Standing in the darkened gardens of the Fisher estate, the cold winter night air leech-sucked warmth from me. The holes in my clothing made that easy, though the bandages over my wounds meant the cold did have to work a bit. Still, the chill did sink into my joints and bones as I leaned on my elbows on the stone balustrade that ringed the garden. Despite the flickering lights in the city below me, the shadows moving through the streets, and the strains of solemn wedding music from the gathering back in the ballroom, nothing felt truly alive to me. It seemed as if I had begun to slip back into my tomb, with my awareness of the outside world slowly evaporating the way light drains from the day at dusk.
A very cynical part of me wanted to believe I actually had been an avenging ghost over the past five hundred years. I wanted to lay claim to the righteous anger I had shown the people back in the mansion. I wanted to shake my head and speak to all the people who had fought for freedom as my allies, complaining to them that our sacrifices had been forgotten because nothing changes and people are no better now than we were then.
I could not do that because I knew it was not true. I did know that the Riverens had forged an alliance with the Haladina as a way to destroy the Fishers without engaging them directly, and they had done this without any intention of seeing the Haladina as true Men. Still, by inviting them into their city, by trading with them, working with them, and learning how they lived, the Riverens demystified the Haladina. The people of Aurdon helped humanize the image of the Haladina. Over time, over generations, that could lead to relations that would mean the Haladina might no longer raid in Centisia.

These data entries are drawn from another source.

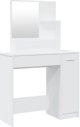 vidaXL Toaletka z lustrem, aspri, 86,5x35x136 cm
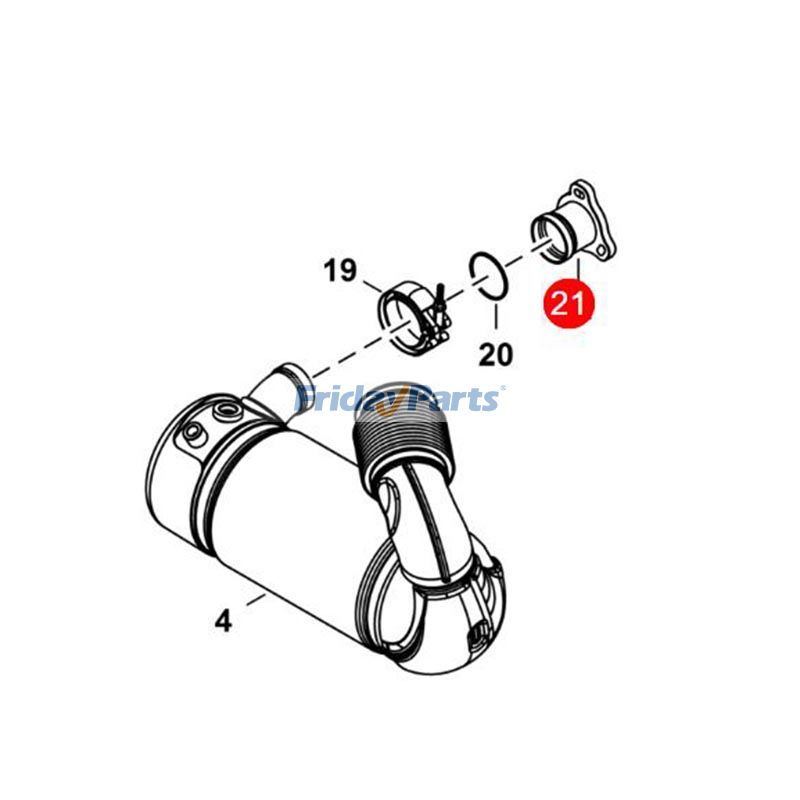 DOC Exhaust Pipe for Loader
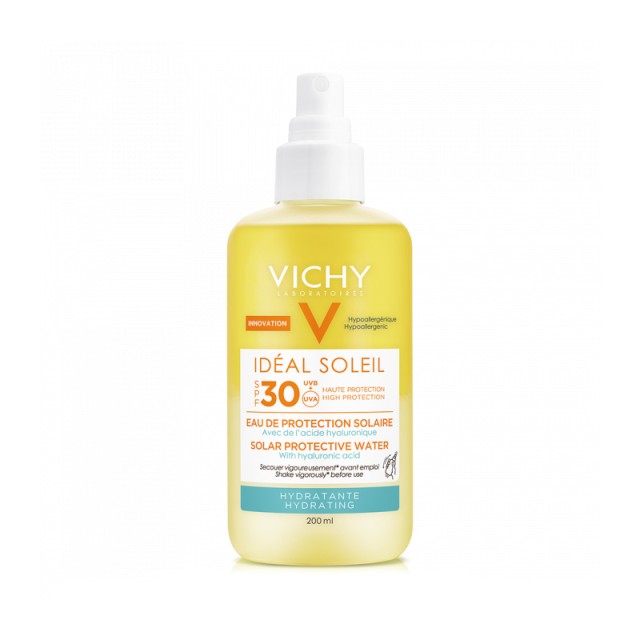 VICHY Capital Soleil Solar Protective Water Hydration Spf30 200ml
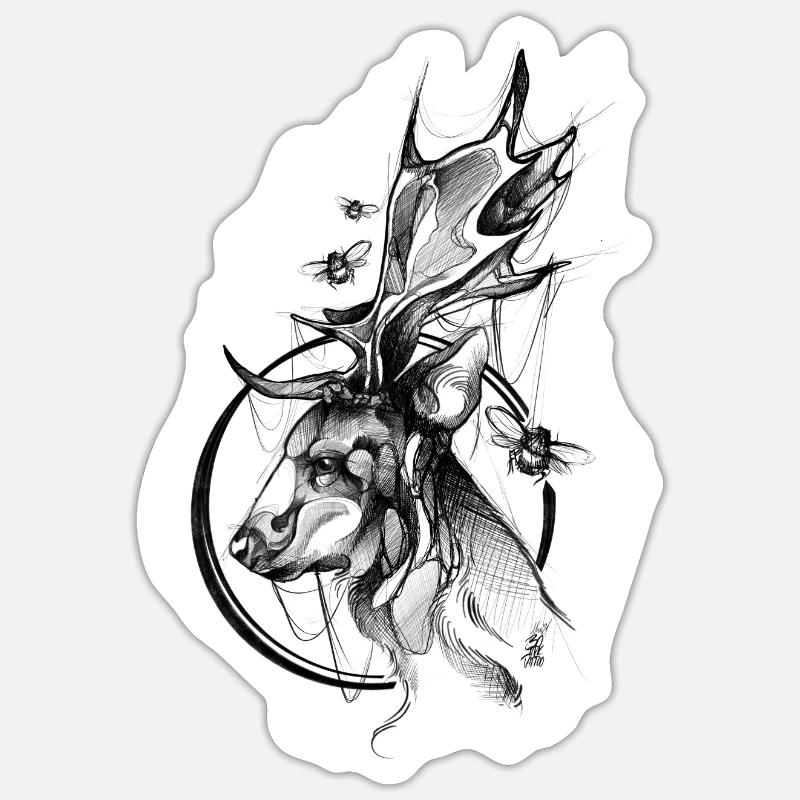Sticker Größe S (10 x 10 cm) -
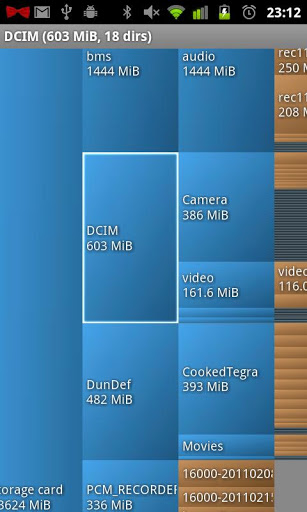 DiskUsage Schermafbeelding 1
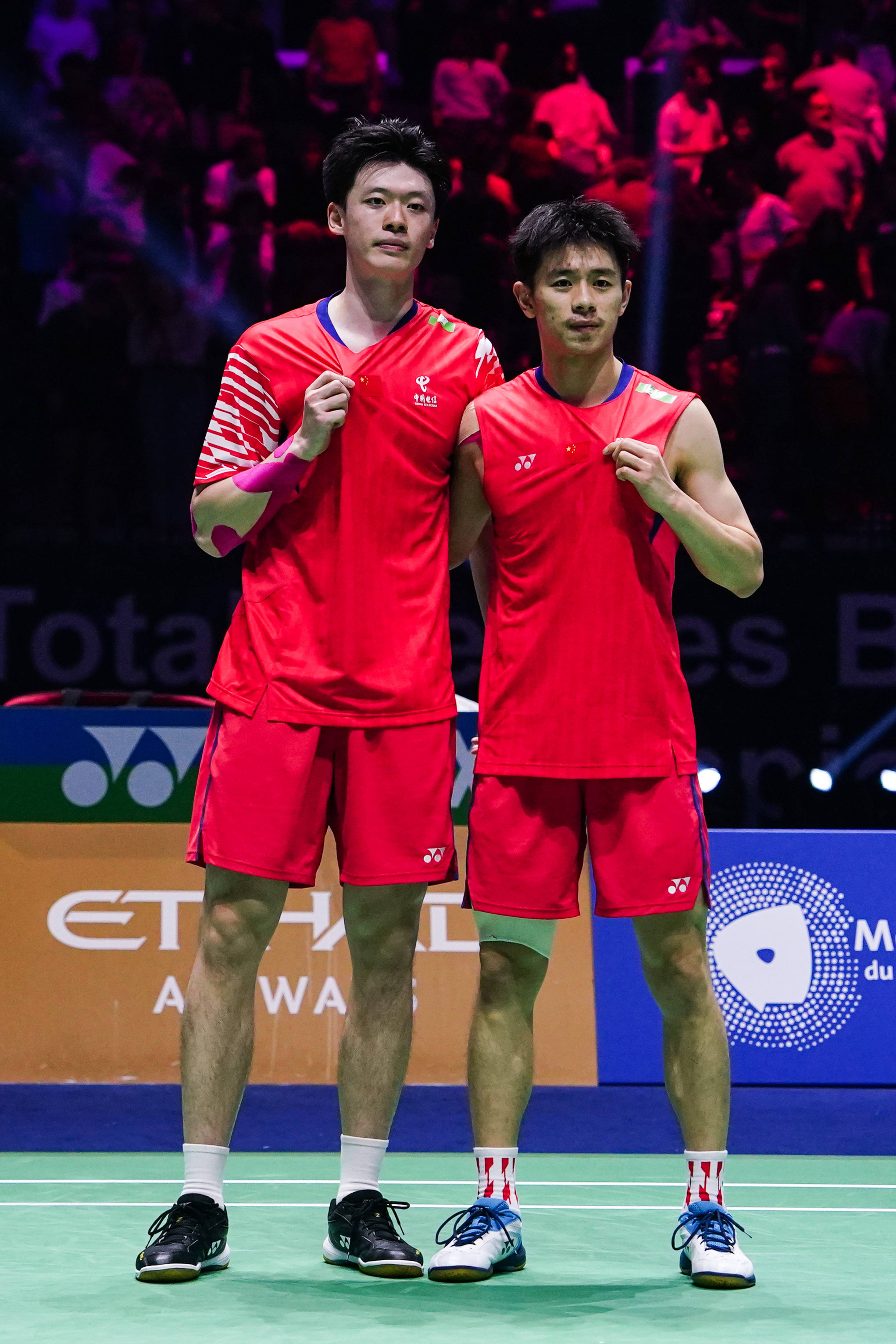 （体育）羽毛球——世锦赛：陈柏阳/刘毅晋级男双决赛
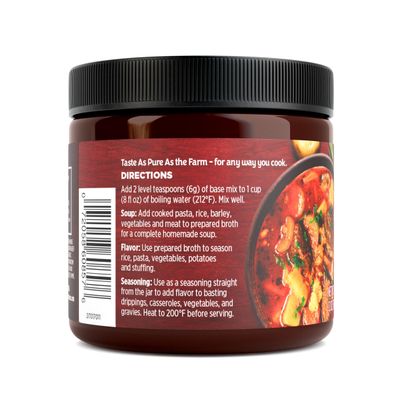 Orrington Farms Beef Flavored Broth Base Granulated Beef Flavored Bouillon Versatile Usage Season-To-Taste Easy-To-Store 12 oz Jar (Pack of 1)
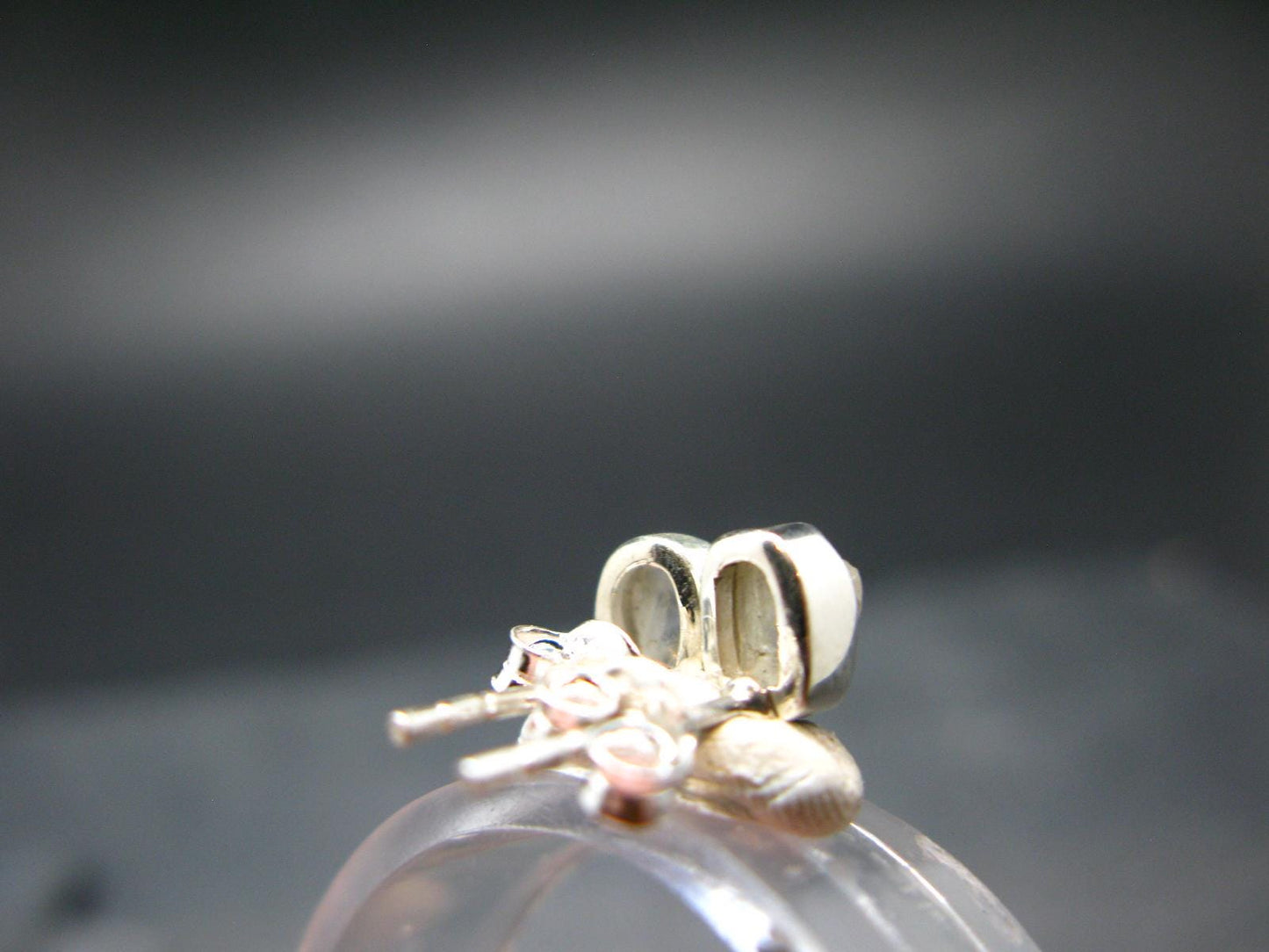 Phenakite Phenacite Silver Stud Earrings From Nigeria - 1.0 Grams
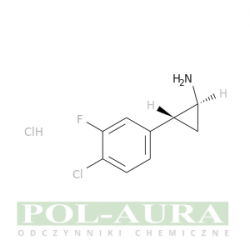 Cyklopropanamina, 2-(4-chloro-3-fluorofenylo)-, chlorowodorek (1:1), (1r,2s)-rel-/ 97% [1807938-62-0]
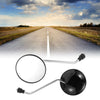 M8 M8 Rear View Mirrors Handlebar Mirrors Silver Tone Black Iron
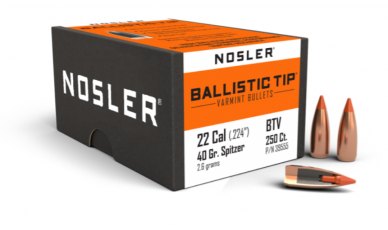 Nosler 22 Caliber 40gr Ballistic Tip® Varmint (250ct) 39555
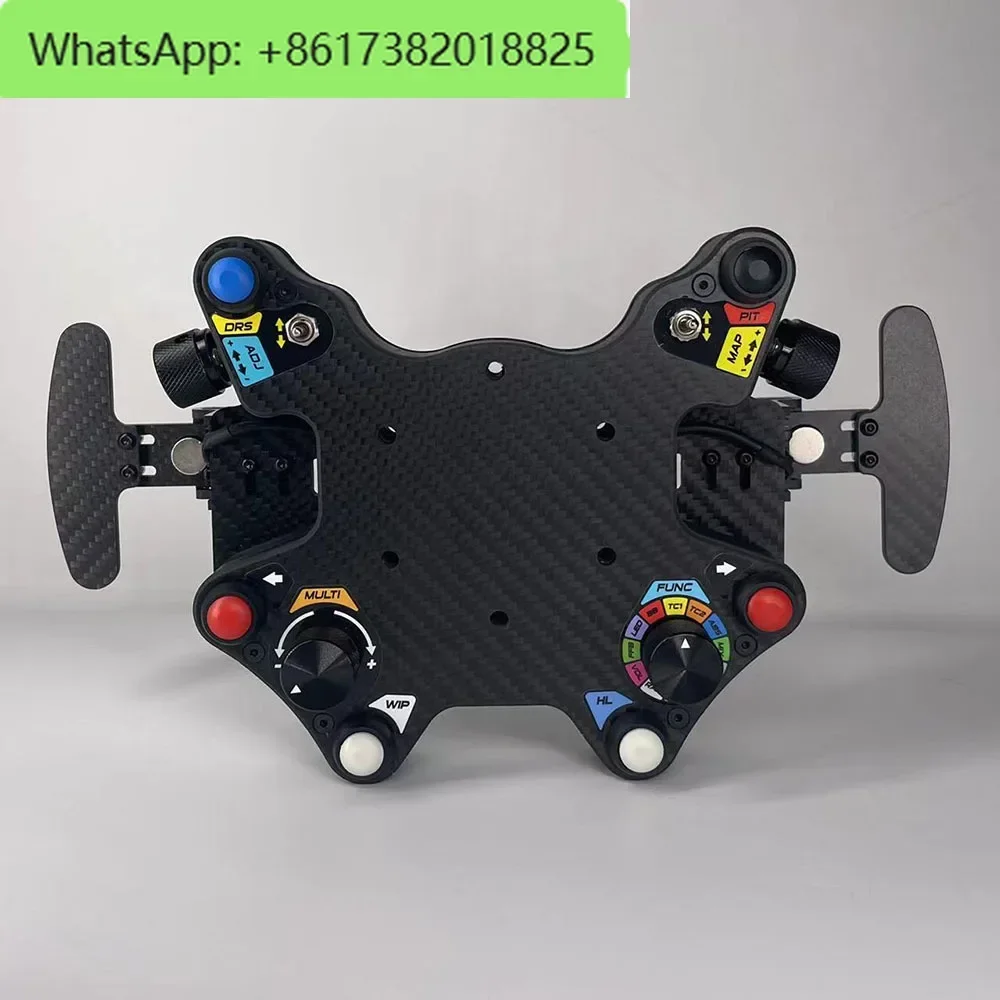 

Лопасти переключения передач центральной консоли ПК для Thrustmaster Fanatec Racing Hub, кнопка рулевого колеса, коробка для инструментов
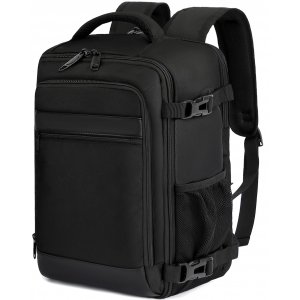 promo KLOSTAIN Bagage Cabine 40x20x25 pour Ryanair Sac à Dos Voyage Cabine Avion 20 L Femme Homme sous Siège Bagage à Main Petit Sac à Dos pour Ordinateur Portable 14 Pouces Noir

Only a fool would suggest the change would be easy, but the Elven change toward Men showed the change could take place. The Elven change and the change in attitudes toward the Haladina could mean the world would be a better place than the one I had known, or the one I was coming to know now.
I heard the light crunch of gravel and smiled without turning around. "Your destruction of Orvir was very convincing at a time when we needed to be convincing."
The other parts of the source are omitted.